Professor Darnall is a National Academy of Public Administration Fellow, an Economic and Social Research Council and Social Science Research Council Collaborative Visiting Fellow, an Erasmus Mundus International Scholar, a Social Science Research Council Abe Fellow, and Spanish Ministry of Education International Fellow. She has received the Academy of Management's Organizations and Natural Environment Emerging Scholar Award for research excellence and its Best Paper Award. Her research on business-government collaborations received the Academy of Management Public and Nonprofit Management’s Best Journal Article Award, and her scholarship on environmental audits received the Decision Science Institute's Distinguished Paper Award.
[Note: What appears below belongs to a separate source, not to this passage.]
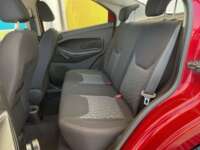 Ford Figo 2021 4p Impulse L3/1.5 Man  2021 Ford Figo Venta Interiores 17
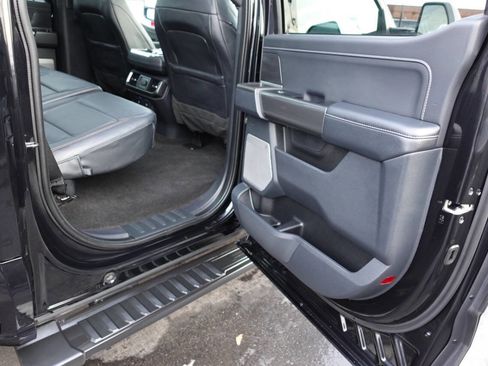 Used 2023 Ford F150 XLT w/ Equipment Group 302A High image 26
Professor Darnall has served as a senior editor of Production and Operations Management and associate editor of Business & Society and Organization and Environment. She is on the Editorial Review Board of Cambridge University Press, Public Administration ReviewBusiness & SocietyOrganization and Environment, and Business Strategy and the Environment. She is a founding member of the Group of Organizations and Natural Environment (GRONEN), a network of European and North American scholars focused on organization sustainability. Prior to her career in academia she worked as an economist for the U.S. Forest Service.

 

Jon Gould

Jon Gould

Director of School of Criminology

College of Public Service and Community Solutions

Jon Gould is Foundation Professor of Criminal Justice and Law and Director of the School of Criminology and Criminal Justice. An internationally known expert on justice policy, social change, and government reform, he is the author of four books and over 50 articles on such diverse subjects as erroneous convictions, indigent defense, prosecutorial innovation, police behavior, hate speech, sexual harassment, and international human rights, among others. An award-winning scholar, Gould’s research has been supported by more than $3.2 million in external funding and has been cited in multiple court pleadings and judicial decisions.

He is regularly called upon to serve as a consultant to governments and non-governmental organizations alike, both domestically and abroad. Prior to coming to ASU, Gould was inaugural director of the Washington Institute for Public Affairs Research and professor and chair of the Department of Justice, Law and Criminology at American University and, before that, associate professor and director of the Center for Justice Law and Society at George Mason University. He served as the principal investigator for the Preventing Wrongful Convictions Project, a multi-year research initiative funded by the National Institute of Justice. Most recently, Gould served as a Senior Policy Advisor in the U.S. Department of Justice during the Obama Administration and was a director of the Law and Social Sciences Program at the National Science Foundation.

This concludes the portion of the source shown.